Under this line sits a listing. Repeat exactly and only its lines from the one holding "Apartment Jumbo 2" through the one holding "Exposition photo Ségur les Villas"; skip pictures.

**Task input**
◆ ◆ ◆ ◆ ◆
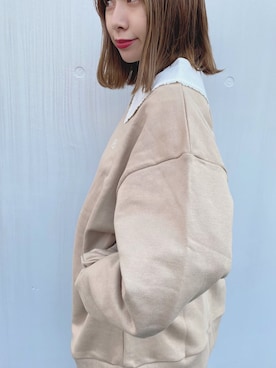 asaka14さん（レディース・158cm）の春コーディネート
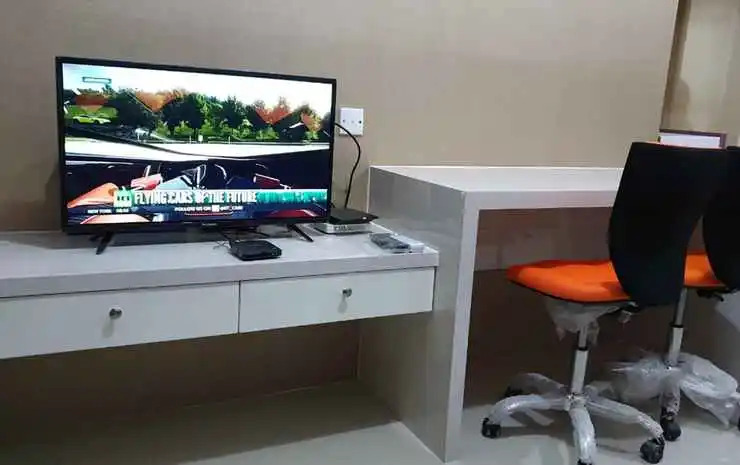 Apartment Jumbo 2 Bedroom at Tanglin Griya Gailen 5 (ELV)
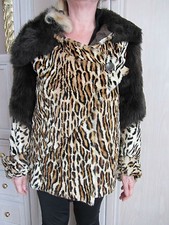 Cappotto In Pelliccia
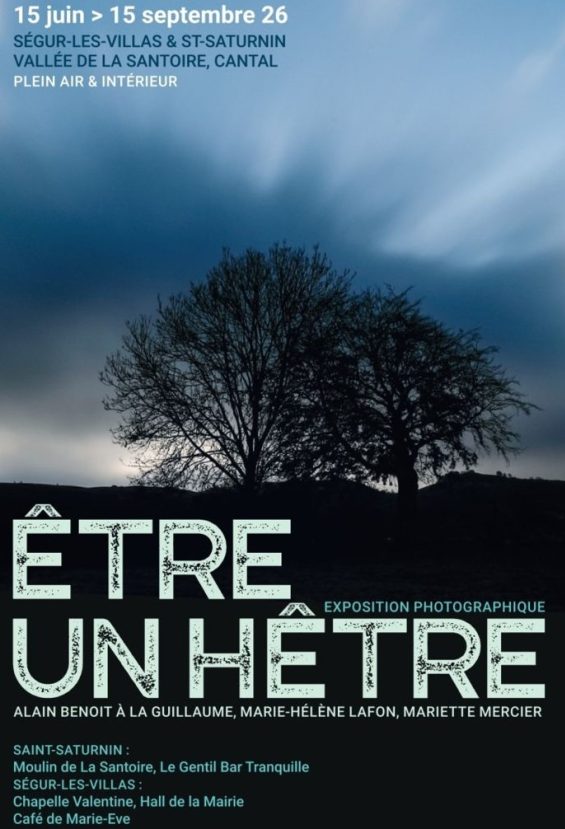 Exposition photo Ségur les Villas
◆ ◆ ◆ ◆ ◆
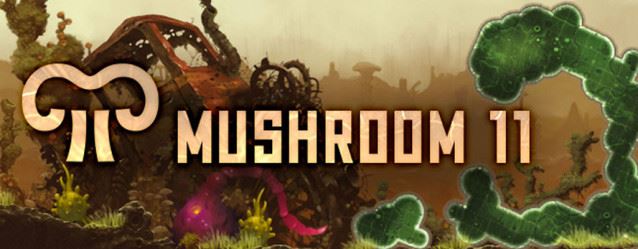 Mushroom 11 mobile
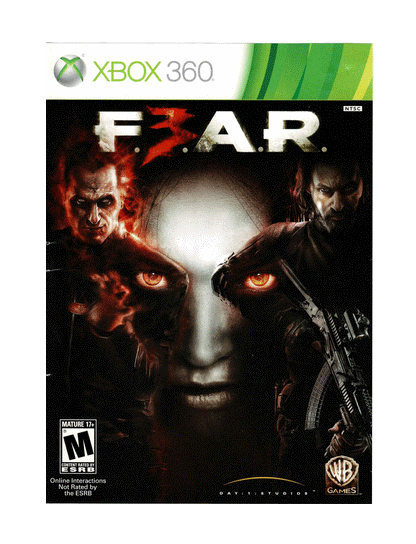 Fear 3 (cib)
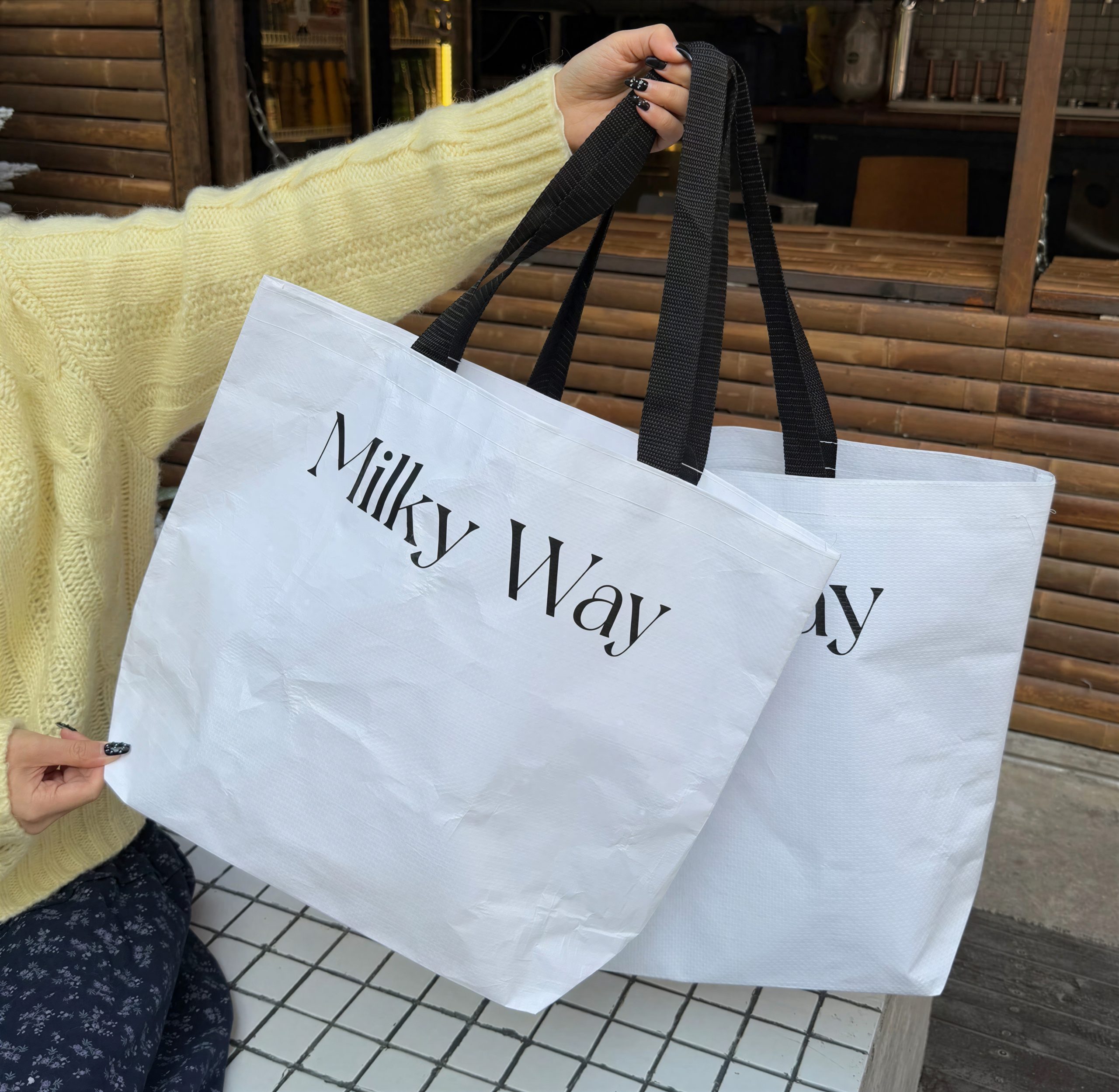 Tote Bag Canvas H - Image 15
◆ ◆ ◆ ◆ ◆
**Your solution**
 Apartment Jumbo 2 Bedroom at Tanglin Griya Gailen 5 (ELV)
 Cappotto In Pelliccia
 Exposition photo Ségur les Villas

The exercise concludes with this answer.